Segment Open
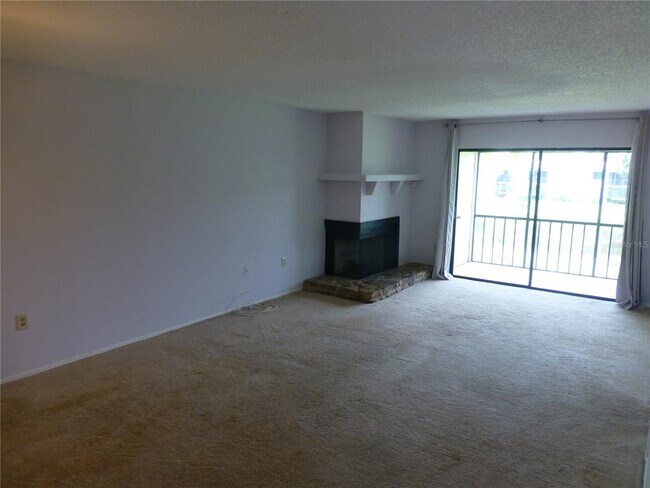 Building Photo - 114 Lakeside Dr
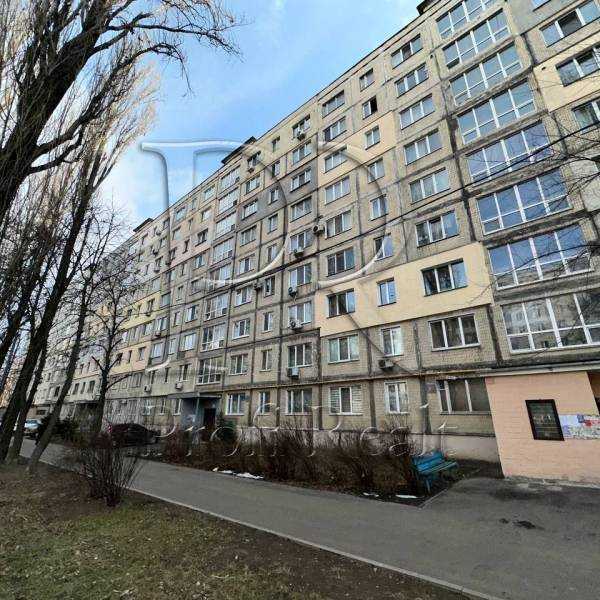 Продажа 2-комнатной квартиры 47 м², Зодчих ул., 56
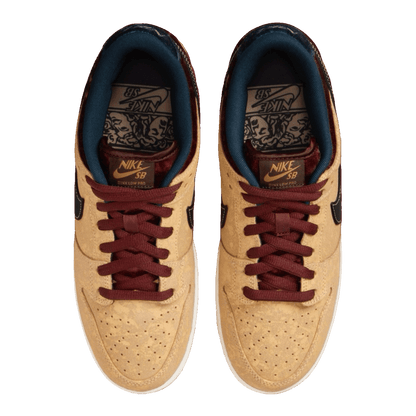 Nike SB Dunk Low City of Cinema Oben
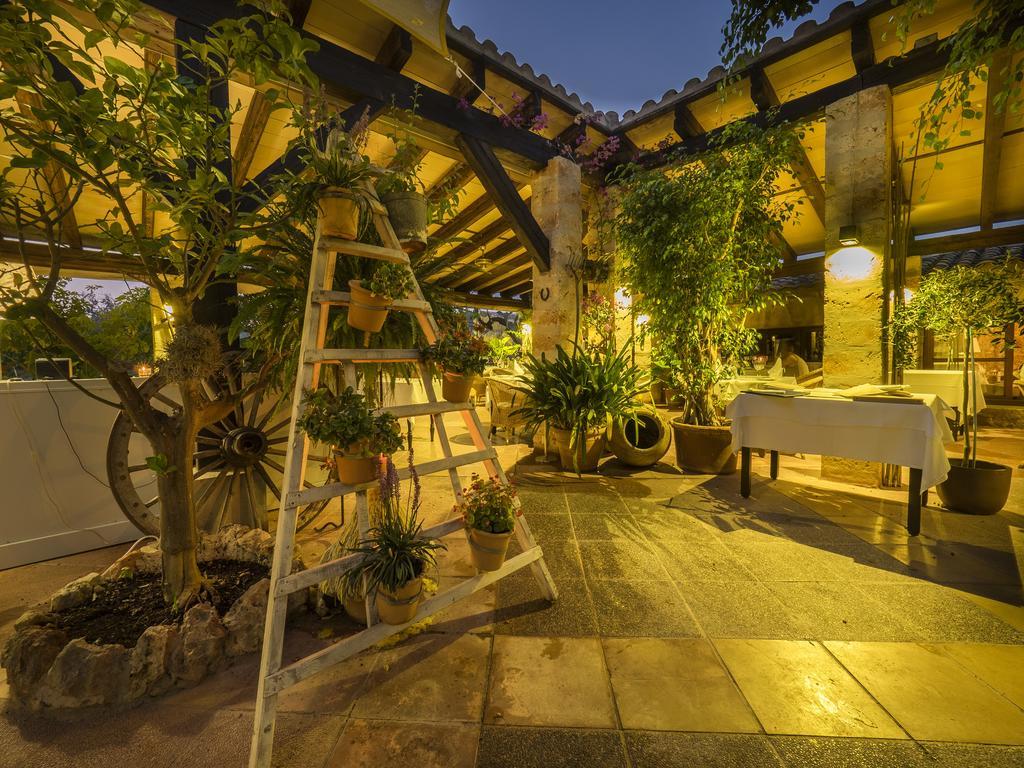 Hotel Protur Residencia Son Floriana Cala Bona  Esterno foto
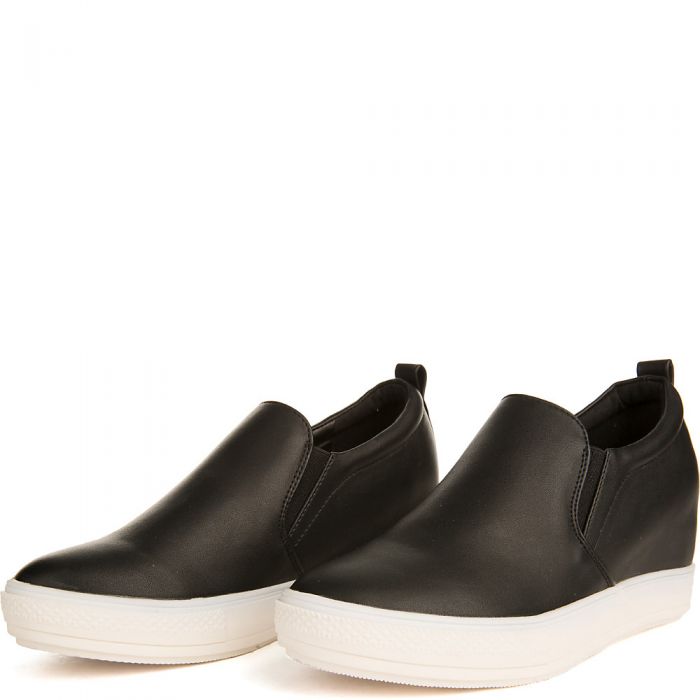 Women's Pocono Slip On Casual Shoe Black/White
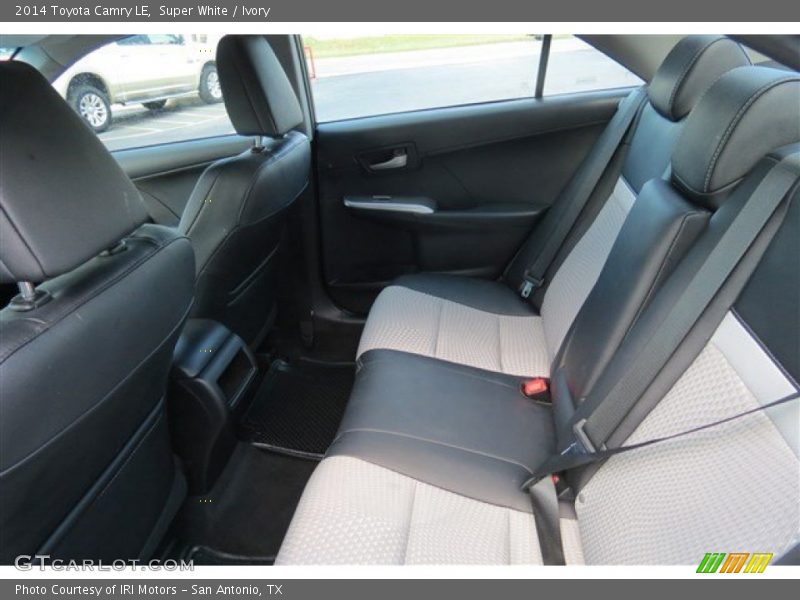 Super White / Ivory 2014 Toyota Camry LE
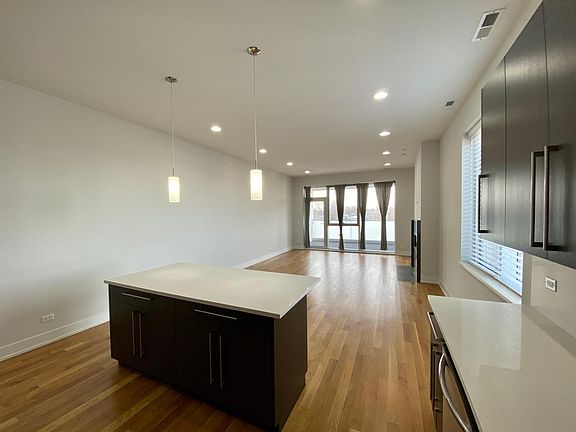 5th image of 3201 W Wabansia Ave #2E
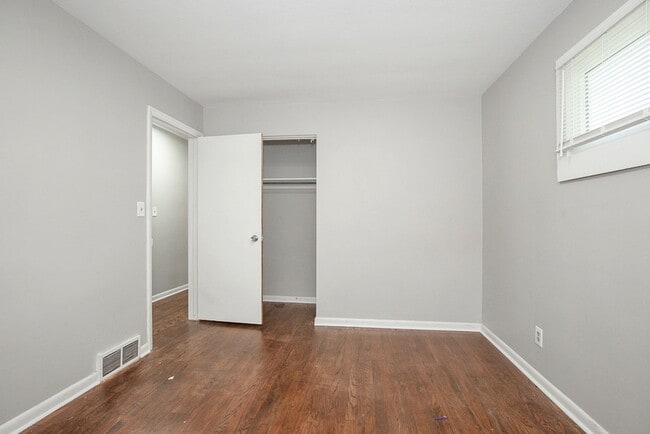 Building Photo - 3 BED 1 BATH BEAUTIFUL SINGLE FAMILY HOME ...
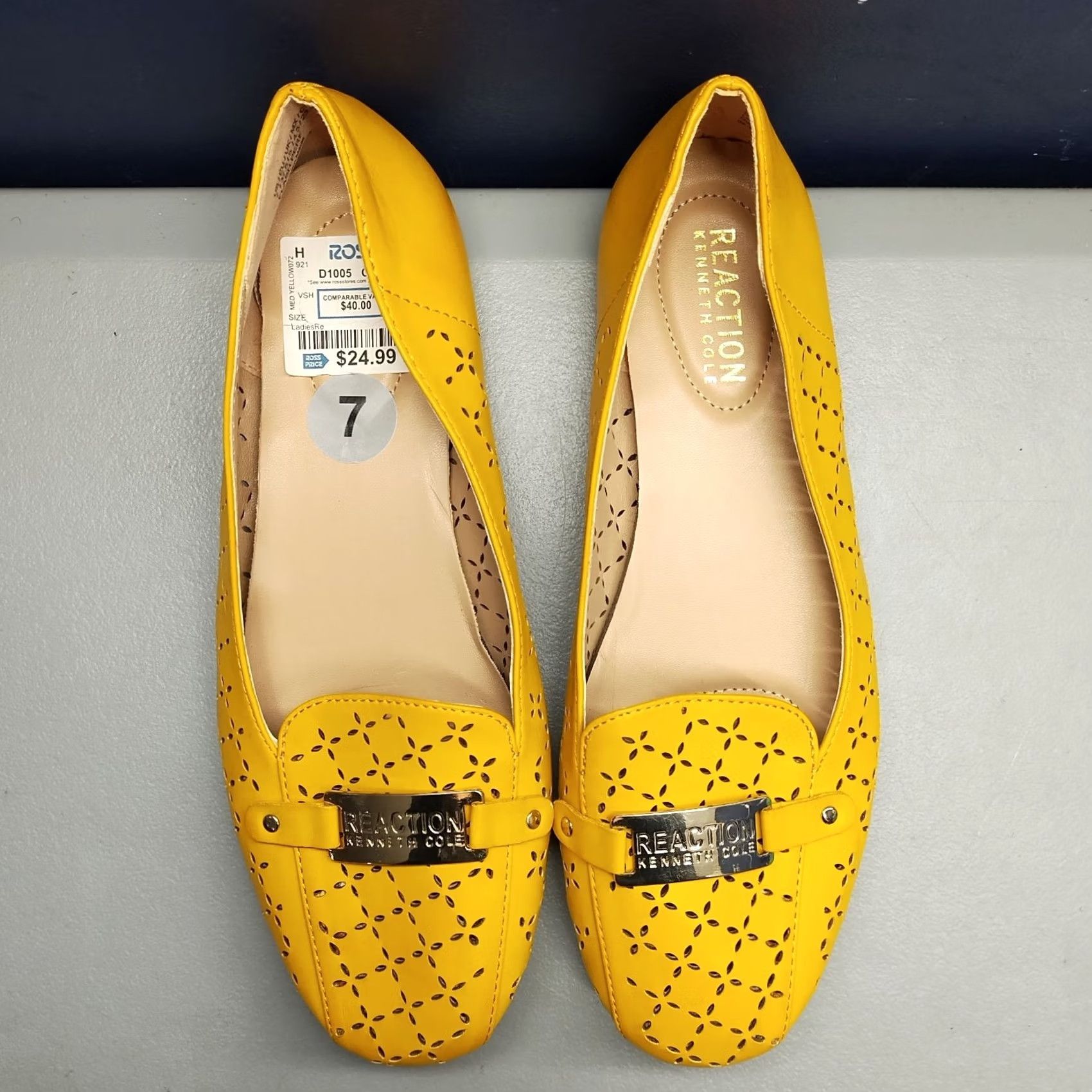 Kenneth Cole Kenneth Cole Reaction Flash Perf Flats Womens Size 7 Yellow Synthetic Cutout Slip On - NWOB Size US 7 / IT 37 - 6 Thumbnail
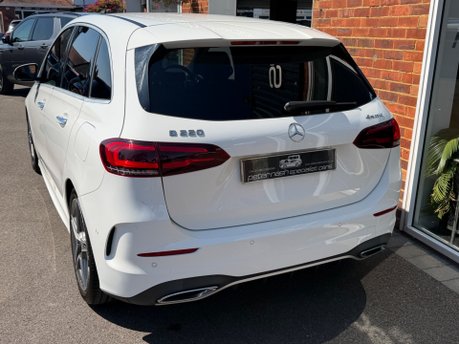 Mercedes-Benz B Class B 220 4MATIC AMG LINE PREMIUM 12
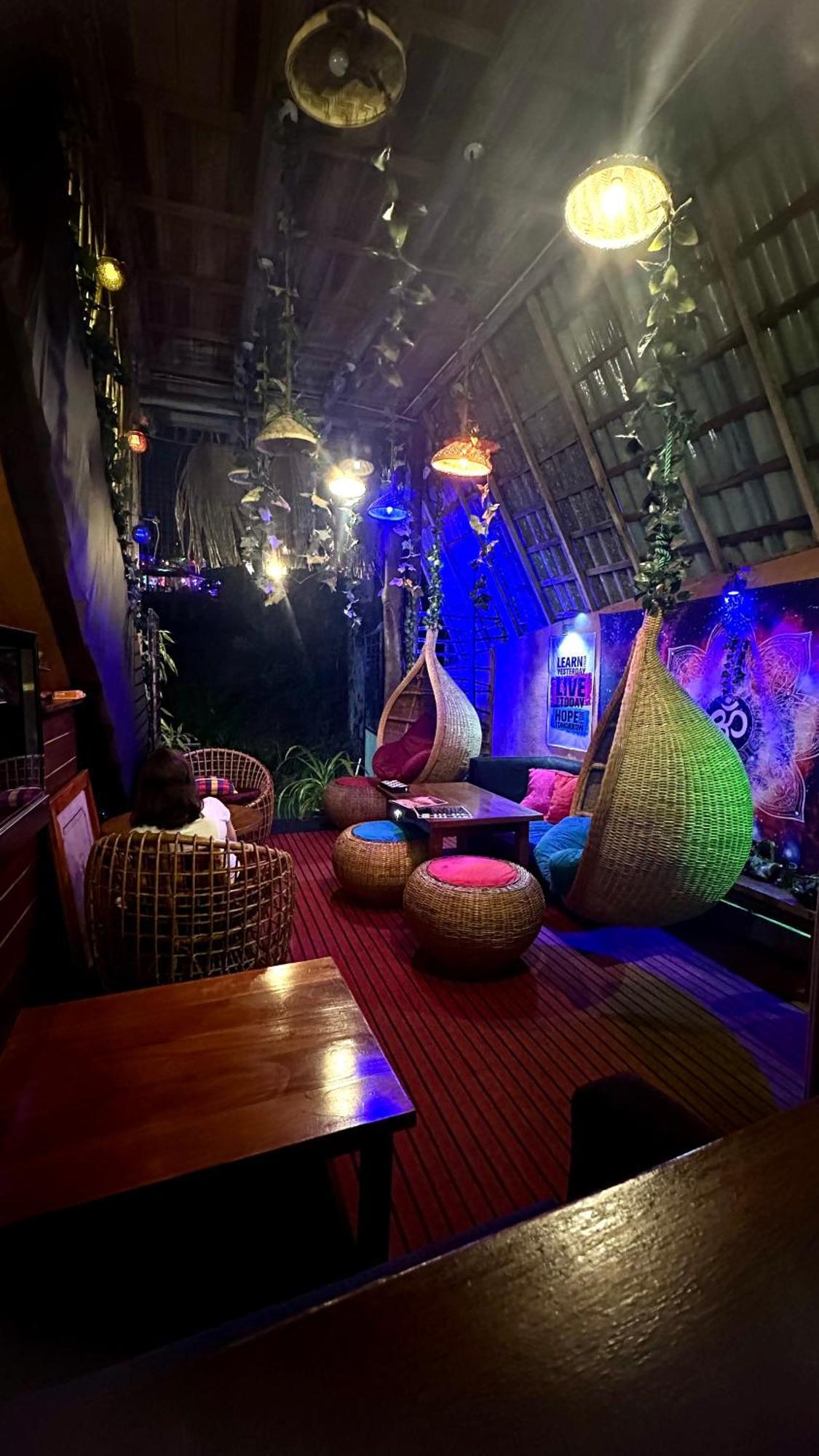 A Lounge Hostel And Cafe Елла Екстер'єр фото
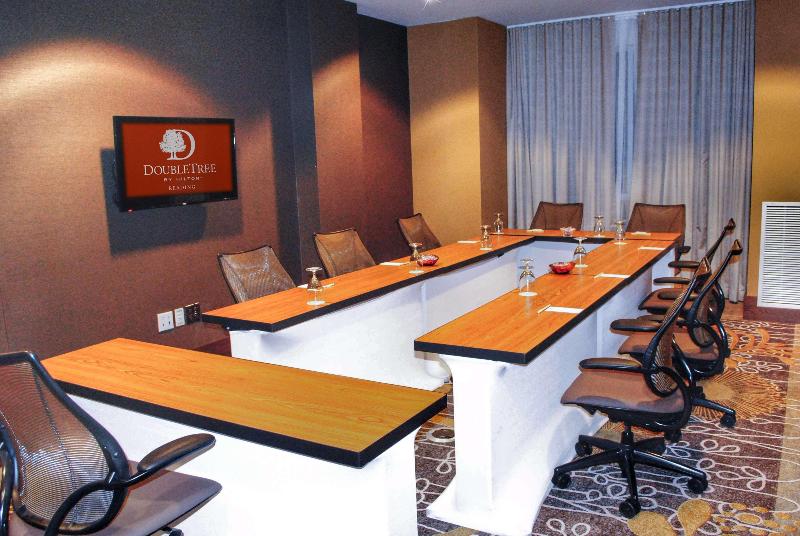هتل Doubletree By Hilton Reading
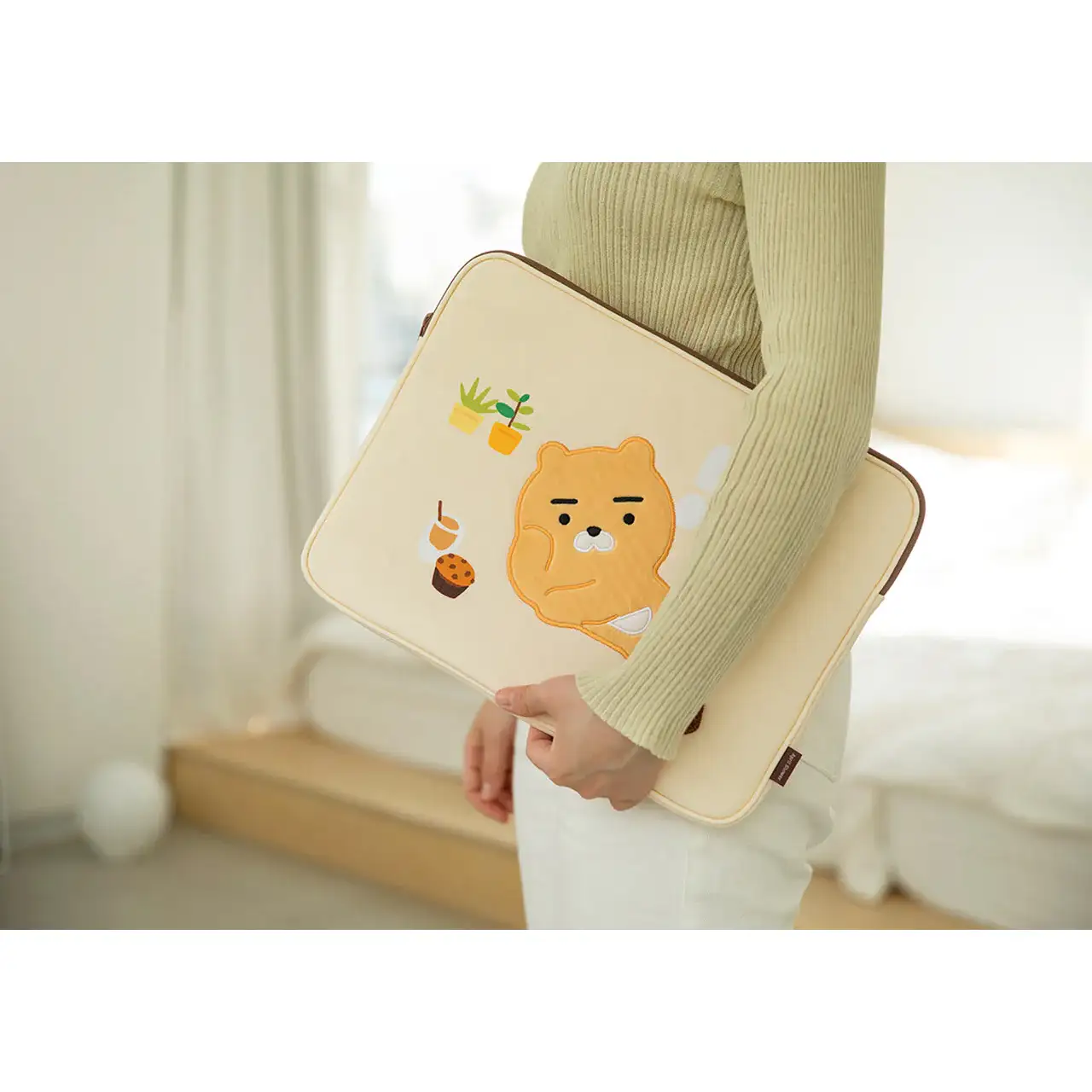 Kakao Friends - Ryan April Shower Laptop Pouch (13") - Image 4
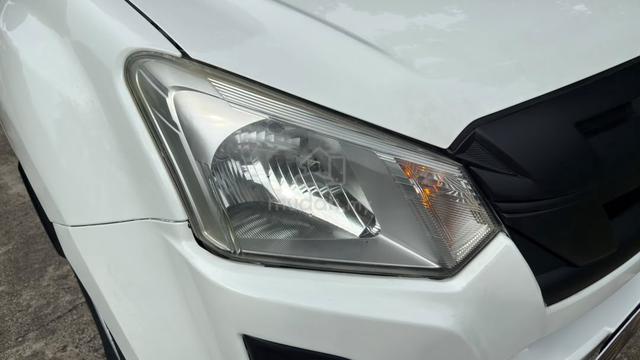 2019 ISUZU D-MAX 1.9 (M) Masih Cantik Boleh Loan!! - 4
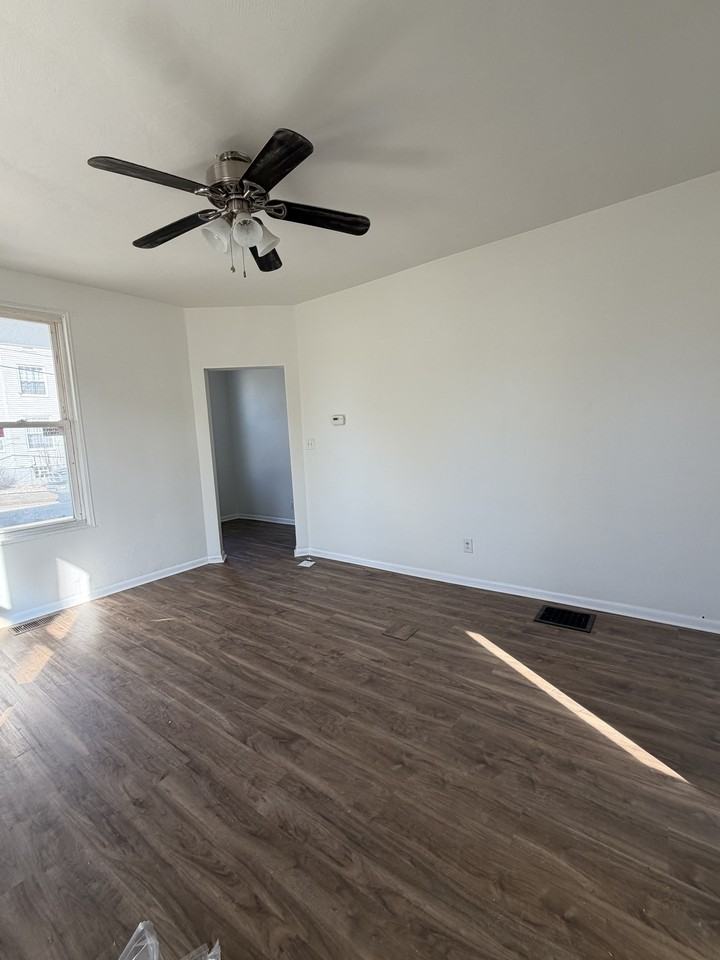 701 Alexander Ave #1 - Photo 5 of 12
Segment Closed
Without the pictures, write out the listing exactly as it appears above.

Expected output ▸
 Building Photo - 114 Lakeside Dr
 Продажа 2-комнатной квартиры 47 м², Зодчих ул., 56
 Nike SB Dunk Low City of Cinema Oben
 Hotel Protur Residencia Son Floriana Cala Bona  Esterno foto
 Women's Pocono Slip On Casual Shoe Black/White
 Super White / Ivory 2014 Toyota Camry LE
 5th image of 3201 W Wabansia Ave #2E
 Building Photo - 3 BED 1 BATH BEAUTIFUL SINGLE FAMILY HOME ...
 Kenneth Cole Kenneth Cole Reaction Flash Perf Flats Womens Size 7 Yellow Synthetic Cutout Slip On - NWOB Size US 7 / IT 37 - 6 Thumbnail
 Mercedes-Benz B Class B 220 4MATIC AMG LINE PREMIUM 12
 A Lounge Hostel And Cafe Елла Екстер'єр фото
هتل Doubletree By Hilton Reading
 Kakao Friends - Ryan April Shower Laptop Pouch (13") - Image 4
 2019 ISUZU D-MAX 1.9 (M) Masih Cantik Boleh Loan!! - 4
 701 Alexander Ave #1 - Photo 5 of 12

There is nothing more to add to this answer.